После минутного молчания она смело взглянула ему в глаза:
— Давайте лучше прекратим этот разговор. Вы всегда становитесь нетерпимы, как только речь заходит о протестантах.
— Вовсе нет. Нетерпимость проявляют обычно протестанты, когда говорят о католиках.
— Я думаю иначе. Однако мы уже слишком много спорили об этом, не стоит начинать снова. Как вам понравилась сегодняшняя лекция?
— Очень понравилась, особенно последняя часть. Как хорошо, что он так решительно говорил о необходимости жить для республики, а не только мечтать о ней! Это соответствует учению Христа: «Царство божие внутри нас».
— А мне как раз не понравилась эта часть. Он так много говорил о том, что мы должны думать, чувствовать, какими мы должны быть, но не указал никаких практических путей, не говорил о том, что мы должны делать.
— Наступит время, и у нас будет достаточно дела. Нужно терпение. Великие перевороты не совершаются в один день.
— Чем сложнее задача, тем больше оснований сейчас же приступить к ней. Вы говорите, что нужно подготовить себя к свободе. А кто был лучше подготовлен к ней, чем ваша мать? Разве не ангельская была у нее душа? А к чему привела вся ее доброта? Она была рабой до последнего дня своей жизни. Сколько придирок, сколько оскорблений она вынесла от вашего брата Джеймса и его жены! Не будь у нее такого мягкого сердца и такого терпения, ей бы легче жилось, с ней так не обращались бы. Так и с Италией: для того, кто хочет подняться на защиту своих интересов, вовсе не нужно терпение.
— Джим, дорогая, Италия была бы уже свободна, если бы гнев и страсть могли ее спасти. Не ненависть нужна ей, а любовь.
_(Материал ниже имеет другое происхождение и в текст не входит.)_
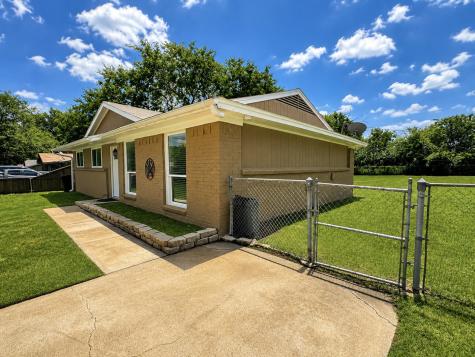 730 Rolling Ridge Lane Duncanville TX 75116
Кровь прилила к его лицу и вновь отхлынула, когда он произнес последнее слово. Джемма не заметила этого — она смотрела прямо перед собой. Ее брови были сдвинуты, губы крепко сжаты.
— Вам кажется, что я неправа, Артур, — сказала она после небольшой паузы. — Нет, правда на моей стороне. В один прекрасный день вы убедитесь, в этом… Вот наш дом. Зайдете, может быть?
— Нет, уже поздно. Покойной ночи, дорогая!
Он стоял возле двери, крепко сжимая ее руку в своих:
— «Во имя бога и народа…»
И Джемма медленно, торжественно досказала незаконченный девиз:
— «…ныне и во веки веков».
Потом отняла свою руку и вбежала в дом. Когда дверь за ней захлопнулась, он нагнулся и поднял кипарисовую веточку, упавшую с ее груди.